Contudo, a turbulência não é simplesmente caótica – na verdade, ela consiste em uma hierarquia de vórtices que interagem e evoluem ao longo do tempo, que podem se organizar em estruturas de grande escala ou produzir padrões de fluxo coerentes.
Mas documentar e compreender essas complexas interações e evoluções não é fácil, ainda que seja essencial, por exemplo, no desenvolvimento dos reatores de fusão nuclear – nos plasmas de fusão nuclear a turbulência desempenha um papel crucial no confinamento da energia térmica e da mistura de partículas de combustível.
Go Yatomi e Motoki Nakata, do Instituto Nacional para Ciência da Fusão, no Japão, estavam interessados justamente na turbulência do plasma.
Ao contrário da turbulência de fluidos simples, a turbulência no plasma envolve a evolução simultânea de múltiplos campos físicos, como densidade, temperatura, campos magnéticos e correntes elétricas. Essas grandezas se entrelaçam, formando um estado em que múltiplos fluxos e vórtices se encontram intrinsecamente interconectados. Compreender e decodificar os mecanismos fundamentais dessa turbulência complexa e multicampo é essencial para o controle e a otimização dos futuros reatores de fusão.
[Imagem: National Institute for Fusion Science]
Turbulência do plasma
Tradicionalmente, os estudos sobre turbulência nos plasmas centram-se na análise das flutuações daquelas grandezas físicas individuais. Um método padrão envolve decompor a turbulência em uma superposição de ondas espacialmente uniformes e, em seguida, examinar a distribuição e a transferência de energia entre escalas. No entanto, essa decomposição baseada em ondas não funciona quando a turbulência forma estruturas de vórtice localizadas, ou quando múltiplas grandezas de campo interagem fortemente.

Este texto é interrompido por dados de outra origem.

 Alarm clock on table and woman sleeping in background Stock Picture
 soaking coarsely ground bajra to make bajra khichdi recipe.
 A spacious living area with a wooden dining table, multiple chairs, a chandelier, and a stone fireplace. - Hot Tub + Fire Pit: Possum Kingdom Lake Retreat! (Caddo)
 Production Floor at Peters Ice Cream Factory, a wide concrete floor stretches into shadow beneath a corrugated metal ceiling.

Yatomi e Nakata criaram então uma nova estrutura analítica que consegue capturar as estruturas localizadas e revelar o comportamento interligado de múltiplos campos flutuantes, de forma unificada e fisicamente significativa.
Para estudar como os vórtices e fluxos emergem, se localizam e interagem na turbulência do plasma, a dupla criou o que eles chamam de “decomposição de valores singulares multicampo”. Essa técnica estende a estrutura matemática da decomposição de valores singulares para múltiplas grandezas físicas, permitindo a decomposição de turbulências complexas em um conjunto de padrões espaciais comuns (ou bases) que capturam flutuações correlacionadas em diferentes campos, como densidade, temperatura e potencial elétrico.

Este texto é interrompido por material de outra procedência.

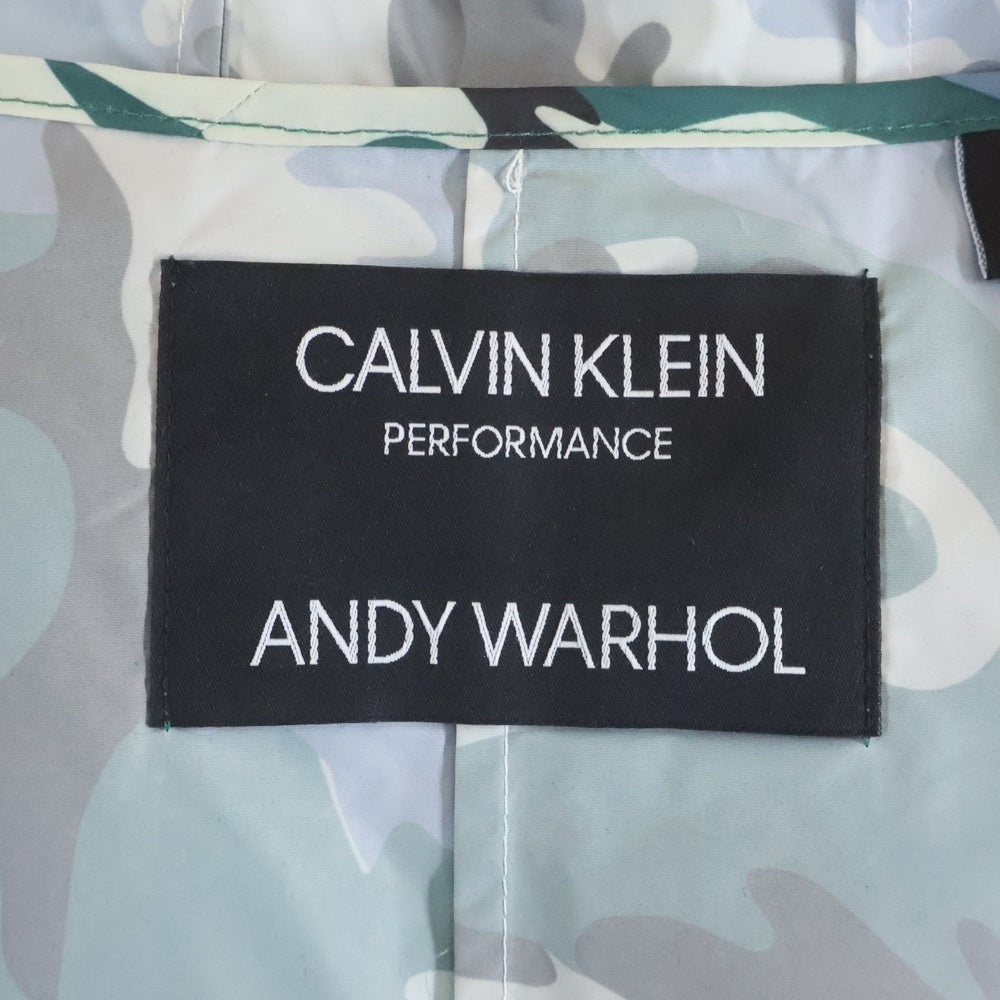 Calvin Klein(カルバンクライン) PERFORMANCE ANDY WARHOL パフォーマンス アンディーウォーホル カモ柄ポンチョ レインコート グリーン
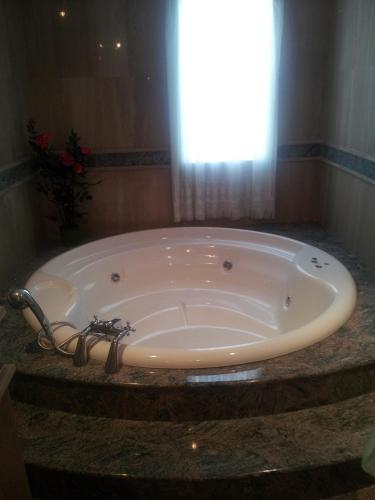 a large tub in a bathroom with a window at Hotel Flor de la Mancha in La Roda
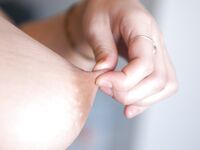 A Pregnant Shot Of FTV Violet In A Purple Dress Shows Her Dark Brown Nipples And Big Belly.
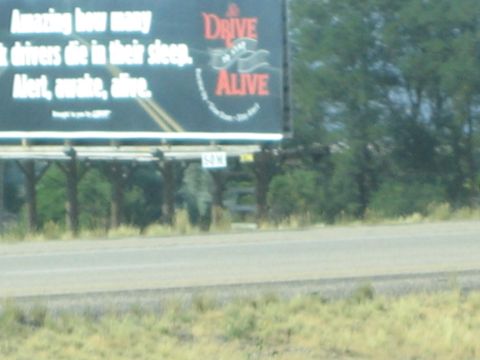 1990 Ford Bronco - blurry roadside billboard for Drive Alive warns about drivers dying in their sleep, stay alert awake alive.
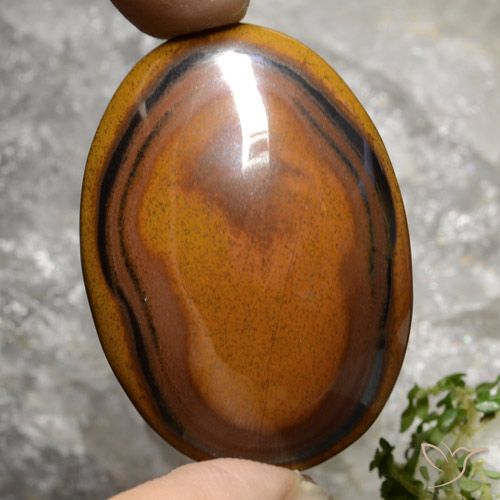 Tiger's eye marrón natural de 92,65 ct, corte óvalo, opaco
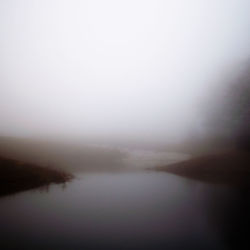 Scenic view of lake against sky during foggy weather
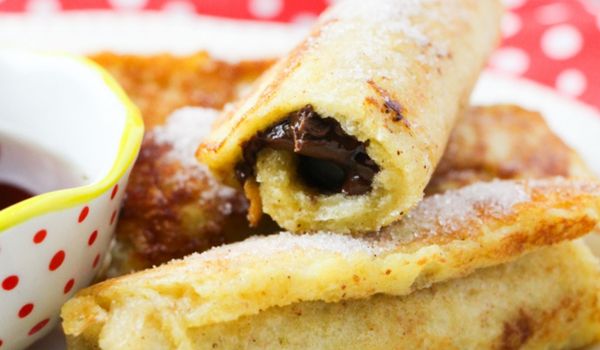 close-up image of a stack of nutella french toast rolls, showing the inside filling, on a white plate with a small bowl of maple syrup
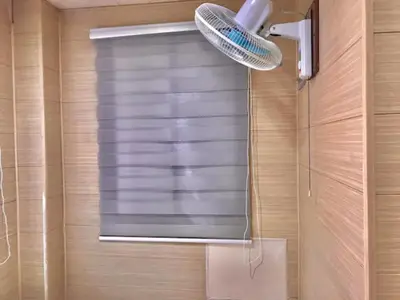 a bathroom with a shower with a window and a light at Maine City Residences Leveriza in Manila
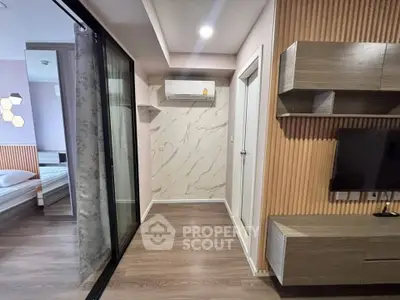 Modern apartment interior with stylish wood paneling and sleek TV setup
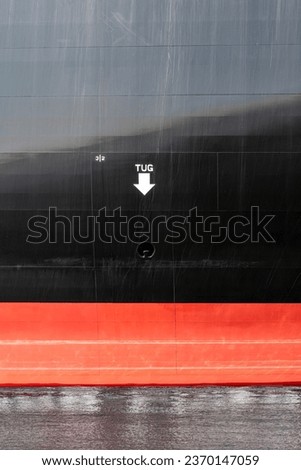 Section of the black and red hull of a ship with letters TUG and arrow pointing to waterline and location to secure tow of tugboat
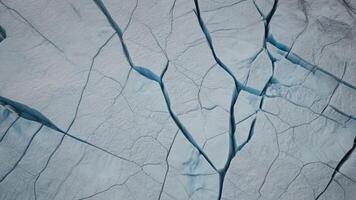 top view of cracks in lake ice with texture as background. photo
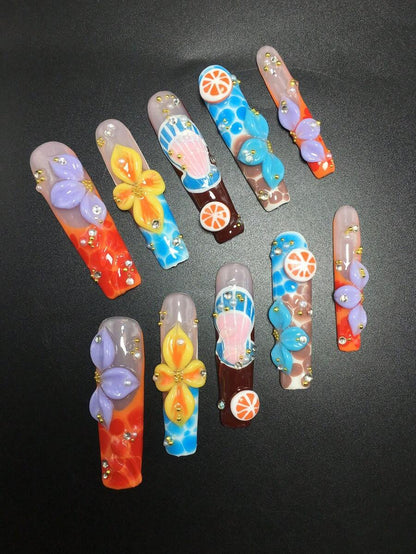 Coffin press-on nails fanned out showing 3D flower and shell charms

Os dois pesquisadores definiram ainda duas novas métricas baseadas na entropia da informação, um conceito com raízes na mecânica quântica e na teoria da informação quântica. A primeira é a entropia de von Neumann (vNE), que quantifica a complexidade estrutural e a diversidade das flutuações turbulentas. A segunda é a entropia de entrelaçamento (EE), que mede o grau de acoplamento – ou entrelaçamento – entre diferentes estruturas turbulentas, indicando a intensidade com que elas interagem.
Ambas as grandezas são derivadas de uma matriz de densidade construída matematicamente que se assemelha à sua contraparte na teoria quântica, demonstrando uma analogia natural e poderosa entre estados quânticos e sistemas turbulentos.
[Imagem: Jakob Kühnen]
Usos mais amplos
Ao aplicar essas grandezas da teoria da informação a simulações numéricas de um modelo de turbulência de plasma, a dupla identificou uma transição anteriormente negligenciada nos estados de turbulência – uma transição que não pode ser detectada por meio de análises tradicionais baseadas em energia.
Essa transição recém-descoberta reflete uma mudança abrupta nos padrões coletivos dos vórtices que ocorre nos bastidores dos principais fluxos de energia. Essas transições de padrões podem influenciar significativamente a estabilidade do fluxo macroscópico e, portanto, são cruciais para a compreensão dos processos de confinamento e transporte do plasma nos reatores de fusão nuclear.
E a estrutura baseada em entropia desenvolvida pelos dois pesquisadores não se limita à turbulência do plasma. A expectativa é que ela seja aplicável a uma ampla gama de sistemas complexos envolvendo fluxos multiescala e flutuações acopladas em diversas grandezas físicas, como em ciências atmosféricas e oceânicas, redes de tráfego e transporte e sistemas sociais.